• Task inputs
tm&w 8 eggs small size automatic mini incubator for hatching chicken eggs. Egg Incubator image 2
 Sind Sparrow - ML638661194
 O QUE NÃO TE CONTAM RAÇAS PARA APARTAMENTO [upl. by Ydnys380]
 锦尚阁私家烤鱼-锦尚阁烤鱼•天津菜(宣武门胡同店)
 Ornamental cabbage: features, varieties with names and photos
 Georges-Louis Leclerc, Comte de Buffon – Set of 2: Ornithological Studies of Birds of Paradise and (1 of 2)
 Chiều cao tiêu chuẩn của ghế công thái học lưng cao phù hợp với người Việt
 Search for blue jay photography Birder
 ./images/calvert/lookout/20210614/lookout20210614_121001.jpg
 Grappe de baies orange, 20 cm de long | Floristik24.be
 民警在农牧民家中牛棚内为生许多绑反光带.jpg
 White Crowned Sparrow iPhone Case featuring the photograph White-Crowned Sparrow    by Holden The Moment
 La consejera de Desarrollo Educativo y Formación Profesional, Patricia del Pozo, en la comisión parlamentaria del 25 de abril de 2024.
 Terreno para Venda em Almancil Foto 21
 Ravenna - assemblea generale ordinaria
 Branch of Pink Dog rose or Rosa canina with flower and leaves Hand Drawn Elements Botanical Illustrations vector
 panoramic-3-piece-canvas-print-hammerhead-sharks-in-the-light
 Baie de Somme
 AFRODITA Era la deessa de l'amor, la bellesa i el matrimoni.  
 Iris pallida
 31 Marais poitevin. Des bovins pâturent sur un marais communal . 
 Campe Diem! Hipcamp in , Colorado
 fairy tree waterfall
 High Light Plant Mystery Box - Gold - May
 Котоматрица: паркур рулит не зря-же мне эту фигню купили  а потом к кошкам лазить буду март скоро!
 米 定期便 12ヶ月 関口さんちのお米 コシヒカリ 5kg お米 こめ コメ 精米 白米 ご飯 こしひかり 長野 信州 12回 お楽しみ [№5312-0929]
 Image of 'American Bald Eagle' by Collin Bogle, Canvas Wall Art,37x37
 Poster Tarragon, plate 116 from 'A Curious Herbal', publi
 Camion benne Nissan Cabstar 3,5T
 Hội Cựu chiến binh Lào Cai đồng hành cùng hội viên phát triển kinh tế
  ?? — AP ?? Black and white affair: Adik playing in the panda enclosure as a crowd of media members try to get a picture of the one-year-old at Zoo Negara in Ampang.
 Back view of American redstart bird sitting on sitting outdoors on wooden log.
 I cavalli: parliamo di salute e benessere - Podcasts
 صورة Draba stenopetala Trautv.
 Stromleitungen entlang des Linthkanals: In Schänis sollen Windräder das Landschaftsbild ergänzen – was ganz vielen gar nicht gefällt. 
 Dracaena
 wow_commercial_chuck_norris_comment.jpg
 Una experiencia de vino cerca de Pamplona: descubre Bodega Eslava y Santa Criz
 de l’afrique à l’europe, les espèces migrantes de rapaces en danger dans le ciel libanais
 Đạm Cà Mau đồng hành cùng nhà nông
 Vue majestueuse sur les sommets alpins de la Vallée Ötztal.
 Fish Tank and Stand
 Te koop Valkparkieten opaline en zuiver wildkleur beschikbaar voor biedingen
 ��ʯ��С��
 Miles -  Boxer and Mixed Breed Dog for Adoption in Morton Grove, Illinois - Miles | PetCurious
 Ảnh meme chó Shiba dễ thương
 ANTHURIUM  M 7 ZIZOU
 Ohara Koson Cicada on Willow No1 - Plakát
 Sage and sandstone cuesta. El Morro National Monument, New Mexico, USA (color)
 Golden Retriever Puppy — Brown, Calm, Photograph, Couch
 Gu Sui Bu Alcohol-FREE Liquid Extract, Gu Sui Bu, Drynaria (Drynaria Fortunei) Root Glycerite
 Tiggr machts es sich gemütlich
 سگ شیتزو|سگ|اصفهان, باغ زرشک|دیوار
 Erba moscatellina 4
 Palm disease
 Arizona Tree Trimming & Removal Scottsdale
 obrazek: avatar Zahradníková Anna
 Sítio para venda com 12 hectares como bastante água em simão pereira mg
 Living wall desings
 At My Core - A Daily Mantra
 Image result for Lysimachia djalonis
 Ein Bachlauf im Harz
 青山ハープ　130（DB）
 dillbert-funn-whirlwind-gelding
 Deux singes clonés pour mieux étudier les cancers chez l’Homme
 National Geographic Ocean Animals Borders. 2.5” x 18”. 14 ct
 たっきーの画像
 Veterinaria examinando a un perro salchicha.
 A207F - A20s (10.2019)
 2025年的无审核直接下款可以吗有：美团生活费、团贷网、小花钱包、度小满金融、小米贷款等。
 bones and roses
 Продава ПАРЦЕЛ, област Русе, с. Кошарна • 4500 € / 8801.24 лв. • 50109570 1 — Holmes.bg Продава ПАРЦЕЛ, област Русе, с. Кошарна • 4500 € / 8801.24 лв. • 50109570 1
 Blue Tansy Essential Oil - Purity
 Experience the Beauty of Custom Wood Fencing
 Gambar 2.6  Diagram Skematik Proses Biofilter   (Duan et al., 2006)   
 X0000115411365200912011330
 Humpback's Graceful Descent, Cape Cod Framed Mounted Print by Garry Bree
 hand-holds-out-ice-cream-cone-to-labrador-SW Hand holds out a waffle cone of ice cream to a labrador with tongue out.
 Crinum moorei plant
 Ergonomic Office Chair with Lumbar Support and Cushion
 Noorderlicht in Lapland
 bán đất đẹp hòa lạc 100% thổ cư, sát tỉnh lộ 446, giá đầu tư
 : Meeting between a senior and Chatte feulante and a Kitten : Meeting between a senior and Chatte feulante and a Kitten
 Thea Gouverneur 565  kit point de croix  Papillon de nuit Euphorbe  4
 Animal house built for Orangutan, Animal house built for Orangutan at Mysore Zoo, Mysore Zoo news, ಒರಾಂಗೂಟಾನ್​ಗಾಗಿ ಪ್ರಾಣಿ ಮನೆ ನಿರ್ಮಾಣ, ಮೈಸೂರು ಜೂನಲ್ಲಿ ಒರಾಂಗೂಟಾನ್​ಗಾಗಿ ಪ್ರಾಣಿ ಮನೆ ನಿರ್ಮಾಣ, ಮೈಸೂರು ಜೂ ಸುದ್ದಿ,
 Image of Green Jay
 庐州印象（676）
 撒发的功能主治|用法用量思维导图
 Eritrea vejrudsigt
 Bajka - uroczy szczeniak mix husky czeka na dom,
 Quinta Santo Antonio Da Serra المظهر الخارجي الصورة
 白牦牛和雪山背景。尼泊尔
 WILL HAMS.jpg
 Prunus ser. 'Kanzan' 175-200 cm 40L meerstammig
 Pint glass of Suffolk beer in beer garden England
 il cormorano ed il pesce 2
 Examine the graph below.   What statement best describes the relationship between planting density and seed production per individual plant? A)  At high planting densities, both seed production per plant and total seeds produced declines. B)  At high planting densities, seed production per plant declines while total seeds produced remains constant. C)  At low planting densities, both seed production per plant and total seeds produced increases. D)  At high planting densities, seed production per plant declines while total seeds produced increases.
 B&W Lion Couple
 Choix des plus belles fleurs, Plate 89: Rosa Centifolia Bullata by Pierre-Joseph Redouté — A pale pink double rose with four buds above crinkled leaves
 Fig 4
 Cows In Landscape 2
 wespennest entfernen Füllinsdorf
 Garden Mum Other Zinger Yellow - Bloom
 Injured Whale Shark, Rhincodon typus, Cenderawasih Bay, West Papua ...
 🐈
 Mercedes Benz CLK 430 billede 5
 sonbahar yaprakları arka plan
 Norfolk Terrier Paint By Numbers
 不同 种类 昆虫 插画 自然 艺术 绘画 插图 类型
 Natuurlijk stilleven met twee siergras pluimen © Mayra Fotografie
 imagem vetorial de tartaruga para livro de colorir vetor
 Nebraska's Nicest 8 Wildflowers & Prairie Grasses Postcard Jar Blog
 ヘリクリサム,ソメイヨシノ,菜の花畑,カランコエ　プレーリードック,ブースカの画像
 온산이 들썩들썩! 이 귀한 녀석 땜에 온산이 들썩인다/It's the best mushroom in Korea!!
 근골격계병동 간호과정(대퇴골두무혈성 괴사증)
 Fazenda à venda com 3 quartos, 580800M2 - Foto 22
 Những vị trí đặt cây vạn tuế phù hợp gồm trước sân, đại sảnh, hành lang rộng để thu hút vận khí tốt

• What this task involves
Give back precisely the lines above that start at the line containing "Eritrea vejrudsigt" and end at the line containing "il cormorano ed il pesce 2", inclusive. No other lines belong in the output.

• The answer
 Eritrea vejrudsigt
 Bajka - uroczy szczeniak mix husky czeka na dom,
 Quinta Santo Antonio Da Serra المظهر الخارجي الصورة
 白牦牛和雪山背景。尼泊尔
 WILL HAMS.jpg
 Prunus ser. 'Kanzan' 175-200 cm 40L meerstammig
 Pint glass of Suffolk beer in beer garden England
 il cormorano ed il pesce 2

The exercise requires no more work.